5
votes

I am using Google Cloud Datastore through the Python library in a Python 3 flexible app engine environment. My flask application creates an object and then adds it to the datastore with:

ds = datastore.Client()
ds.put(entity)

In my testing, each call to put takes 0.5-1.5 seconds to complete. This does not change if I make two calls immediately one after the other like here.

I am wondering if the complexity of my object is the problem. It is multi-layered something like:

object = {
    a: 1,
    ...,
    b: [
        {
            d: 2,
            ...,
            e: {
                h: 3
            }
        }
    ],
    c: [
        {
            f: 4,
            ...,
            g: {
                i: 5
            }
        }
    ]
}

which I am creating by nesting datastore.Entity's, each initialised with something like:

entity = datastore.Entity(key=ds.key(KIND))
entity.update(object_dictionary)

Both lists are 3-4 items long. The JSON equivalent of the object is ~2-3kb.

Is this not the recommended practice? What should I be doing instead?

More info:

I do not currently wrap this put of an Entity in a transaction. put is just a thin wrapper over put_multi. put_multi appears to create a batch, send the Entity, then commit the batch.

I do not specify the object's "Name/ID" (title from datastore online console). I allow the library to decide that for me:

datastore.key(KIND)

where KIND is just a string specifying my collection's name. The alternative to this would be:

datastore.key(KIND, <some ID>)

which I use for updating objects, rather that here where I am initially creating the object. The keys generated by the library are increasing with time, but not monotonically (e.g: id=4669294231158784, id=4686973524508672).

I am not 100% sure of the terminology of what I am doing ("are entities are in the same entity group, or if you use indexed properties"), but people seem to refer to the process as an "Embedded Entity" (i.e. here). In the datastore online console, under the entities section I only have a single "kind", not multiple kinds for each of my sub objects. Does that answer your question, or can I find this out somehow?

I only have one index on the collection, on a separate ID field which is a reference to another object in a different database for cross database lookup.

2
Although I don't have hands-on experience with this particular Datastore library, I don't believe that this is an issue with the size of the list or of its items. Could you elaborate if you use transactions, if the keys are monotonically increased (e..g 1, 2, 3, 4), if the entities are in the same entity group, or if you use indexed properties (or a composite index) where values are very close to each other (e.g. timestamps). - Ani
Thanks for helping on this @Ani! I have updated the question with the best answers I have to your questions. Let me know what more I can do. - Jon G
Dan's answer is best-practice and I strongly recommend to make such changes if not already done.
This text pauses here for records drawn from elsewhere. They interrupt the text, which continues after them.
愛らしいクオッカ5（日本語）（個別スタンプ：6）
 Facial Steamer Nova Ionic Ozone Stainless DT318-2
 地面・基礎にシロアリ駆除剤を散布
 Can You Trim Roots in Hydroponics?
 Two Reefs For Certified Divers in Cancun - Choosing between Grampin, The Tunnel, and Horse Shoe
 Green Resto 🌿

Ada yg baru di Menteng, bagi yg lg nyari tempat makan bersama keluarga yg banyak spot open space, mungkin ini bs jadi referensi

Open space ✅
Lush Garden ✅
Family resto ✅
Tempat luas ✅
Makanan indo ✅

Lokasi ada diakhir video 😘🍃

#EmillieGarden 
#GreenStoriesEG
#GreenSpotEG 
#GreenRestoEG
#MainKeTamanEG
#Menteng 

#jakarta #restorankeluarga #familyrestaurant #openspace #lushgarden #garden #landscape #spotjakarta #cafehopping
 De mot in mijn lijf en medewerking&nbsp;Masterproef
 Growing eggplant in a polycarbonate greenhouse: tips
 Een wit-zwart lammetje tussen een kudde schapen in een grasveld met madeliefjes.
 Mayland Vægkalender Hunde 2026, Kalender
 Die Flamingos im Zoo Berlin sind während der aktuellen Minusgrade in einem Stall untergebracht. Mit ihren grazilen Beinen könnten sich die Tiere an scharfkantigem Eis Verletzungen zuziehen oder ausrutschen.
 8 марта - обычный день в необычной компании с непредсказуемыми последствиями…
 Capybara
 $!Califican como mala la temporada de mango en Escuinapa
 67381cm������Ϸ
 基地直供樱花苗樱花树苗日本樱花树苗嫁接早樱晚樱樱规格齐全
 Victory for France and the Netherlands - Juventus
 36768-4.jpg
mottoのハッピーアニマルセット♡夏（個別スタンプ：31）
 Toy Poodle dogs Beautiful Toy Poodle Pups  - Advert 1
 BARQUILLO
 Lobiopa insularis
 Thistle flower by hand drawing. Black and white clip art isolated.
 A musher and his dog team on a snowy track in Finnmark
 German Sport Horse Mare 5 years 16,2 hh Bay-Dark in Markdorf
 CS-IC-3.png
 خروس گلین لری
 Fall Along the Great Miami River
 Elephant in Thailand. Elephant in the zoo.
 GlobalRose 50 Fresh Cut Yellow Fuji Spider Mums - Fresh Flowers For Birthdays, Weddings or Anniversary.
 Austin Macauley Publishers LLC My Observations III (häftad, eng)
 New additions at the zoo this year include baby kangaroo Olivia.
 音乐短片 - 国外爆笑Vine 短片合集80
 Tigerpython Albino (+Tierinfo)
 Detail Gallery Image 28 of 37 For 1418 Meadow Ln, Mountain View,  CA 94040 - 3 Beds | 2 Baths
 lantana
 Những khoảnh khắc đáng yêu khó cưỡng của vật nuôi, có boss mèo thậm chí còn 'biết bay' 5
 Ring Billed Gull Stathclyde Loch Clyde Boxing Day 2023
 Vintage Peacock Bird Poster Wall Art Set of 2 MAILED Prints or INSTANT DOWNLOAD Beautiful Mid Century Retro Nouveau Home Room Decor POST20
However, in NDB calls (the Datastore lib for Python Standard apps) I normally see write ops within 2 or 3 digit ms, so I'm surprised how slow your ops are and I don't believe that's to be expected. Do you run your app and the datastore in the same location? - Ani
The reason asking for these details in my first comment is that such dense sequences of either keys or (indexed) property values may cause latency or even contention errors. Under the hood, Cloud Datastore (and also Storage for paths/file names) uses such values to decide which "tablet" stores the data. (e.g. tablet 1 for IDs starting with 4669). For best latency and scaling those shouldn't be too close. For keys it's best to let Datastore generate IDs as you already have done. - Ani
I can see that my app engine flexible region is set to us-east1. I can't see a region for datastore in the console or gcloud datastore help. Where do I find the datastore's location? - Jon G

2 Answers

2
votes

You can increase the performance of multiple consecutive writes (reads as well) by using Batch operations:

Batch operations

Cloud Datastore supports batch versions of the operations which allow it to operate on multiple objects in a single Cloud Datastore call.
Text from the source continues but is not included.